How to do fuzzy matching in R

Fuzzy Wuzzy was a bear,
Fuzzy Wuzzy had no hair,
Fuzzy Wuzzy wasn’t very Fuzzy,
Was he?
— Extremely Relevant Children’s Rhyme
Fuzzy matching links two or more non-identical character strings together. Ideally, when linking data sets together, there would be a unique variable that identifies each row (or rows) in each data set. We do not, however, live in an ideal world. Often times when getting data from sources or systems that are not explicitly linked, we won’t have a perfect unique identifier. A lot of times though, we can 1) create a unique identifier with existing information, or 2) match based on similarity between strings. In this post, I will focus on the latter.

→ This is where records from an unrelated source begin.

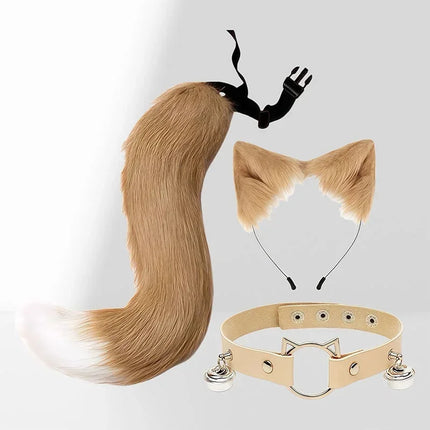 Costume Accessory Set Fox Ears and Tail Soft Faux Fur Hair Band Animal Themed Cosplay Halloween Party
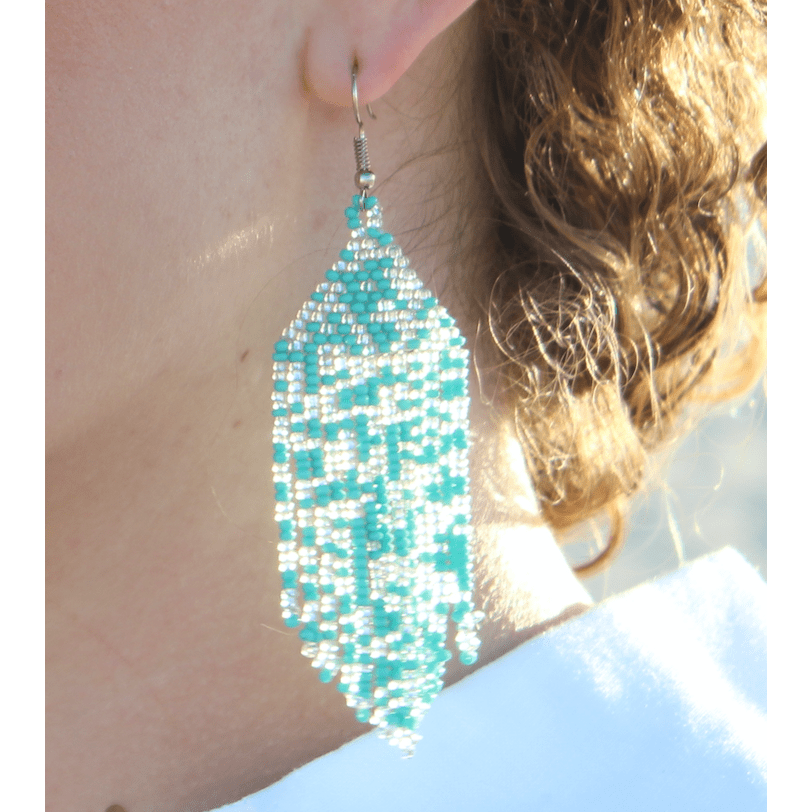 Alegria Seed Bead Peyote Stitch Earrings - Guatemala Jewelry La Vie Bien Alegria Seed Bead Peyote Stitch Earrings - Guatemala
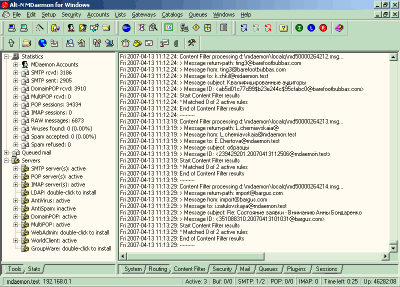 Главное окно MDaemon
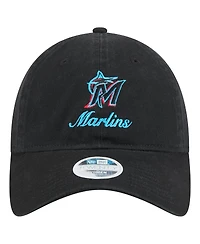 New Era Women's Black Miami Marlins Preppy Team 9TWENTY Adjustable Hat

So why fuzzy schools? Well, the Virginia Department of Education does a great job of posting data about schools in the state. Most of the data are stored in CSV or XLSX files, which can be easily downloaded and read into R. The problem is that these files do not always have a unique identifier for each school. So linking the files is not that easy. The files almost always include the school name though and a Local Education Agency (LEA, kinda like a school district) identifier. The problem is that the school names are not perfectly formatted or spelled in each data set. For example, one file might have “Mt Vernon High” and another file might have “Mount Vernon High School.” Obviously these are the same school and we could easily match them manually. But when you have 2,000 schools, this would be time consuming. Or imagine doing this across the whole US, where we would have over 100,000 schools. Not fun.
To save a lot of time and reduce errors, we will use R to match the vast majority of rows based on the similarity of school names between two data sets. Here is some basic information before we jump into the code:
- The first file we will use is a report of LEAs and “Schools Eligible and Near Eligible to Participate in the Community Eligibility Provision (CEP) (as of April 1, 2018).” There is a link in the R script of where it can be downloaded, but you can also download it from StylizedData here (XLSX).
- The second file we will use is a list of schools with principal and other contact information. There is a link in the R script of where it can be downloaded, but you can also download it from StylizedData here (CSV).
We want to merge these two files so we have information on CEP eligibility and contact information for each school. Looking through the two files, it is clear that many of the school names match exactly, but a fair amount do not. Our goal is to do a fuzzy match to reduce the number of manual matches we have to do.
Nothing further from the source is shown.